RECORD EXTRACTS section start

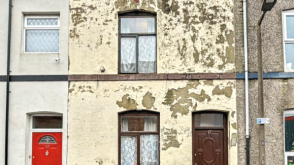 Modernisation in Bury photo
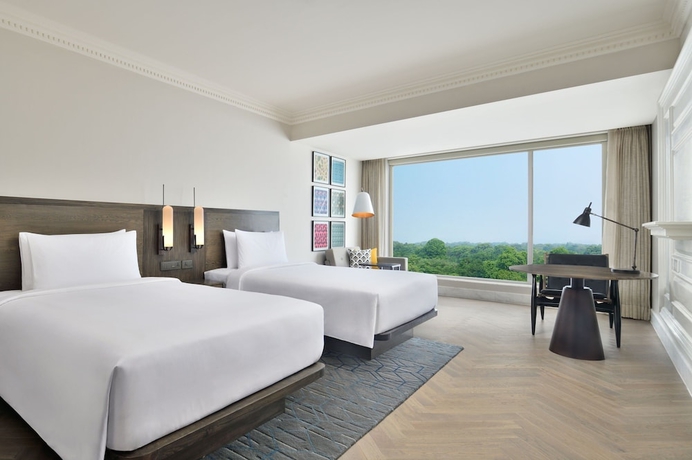 Imagen de la habitación del Hotel Le M&eacute;ridien Amritsar. Foto 11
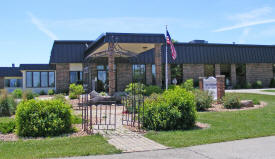 New Richland Care Center, New Richland Minnesota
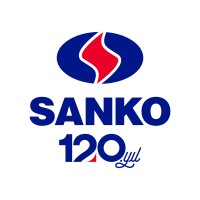 Sanko logo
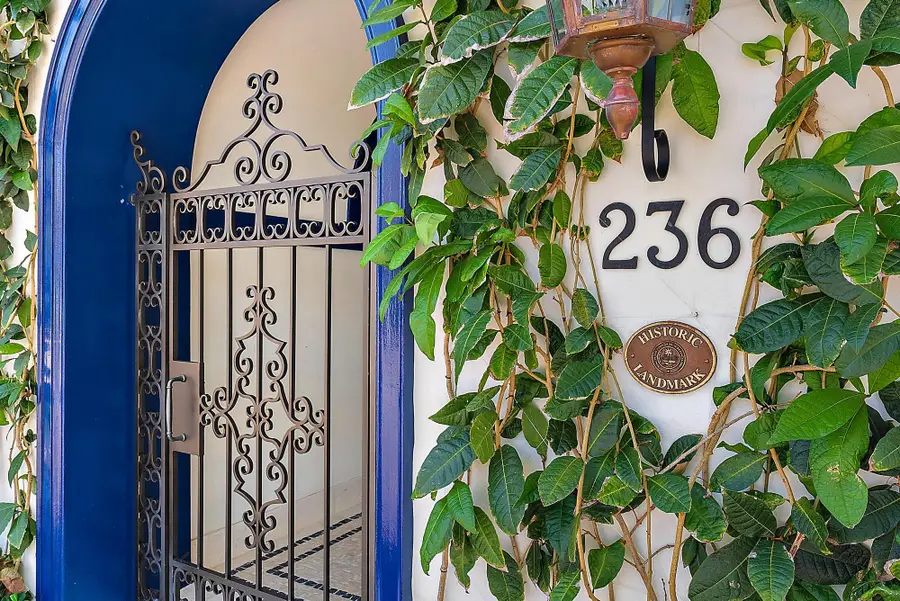 236 Phipps Plaza #101, Palm Beach, FL 33480 - #2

RECORD EXTRACTS section end

YOUR ASSIGNMENT:
Within the listing above, find the line containing "Imagen de la", then print it and every line after it exactly, leaving out pictures.

SOLUTION TO THE EXERCISE:
 Imagen de la habitación del Hotel Le M&eacute;ridien Amritsar. Foto 11
 New Richland Care Center, New Richland Minnesota
 Sanko logo
 236 Phipps Plaza #101, Palm Beach, FL 33480 - #2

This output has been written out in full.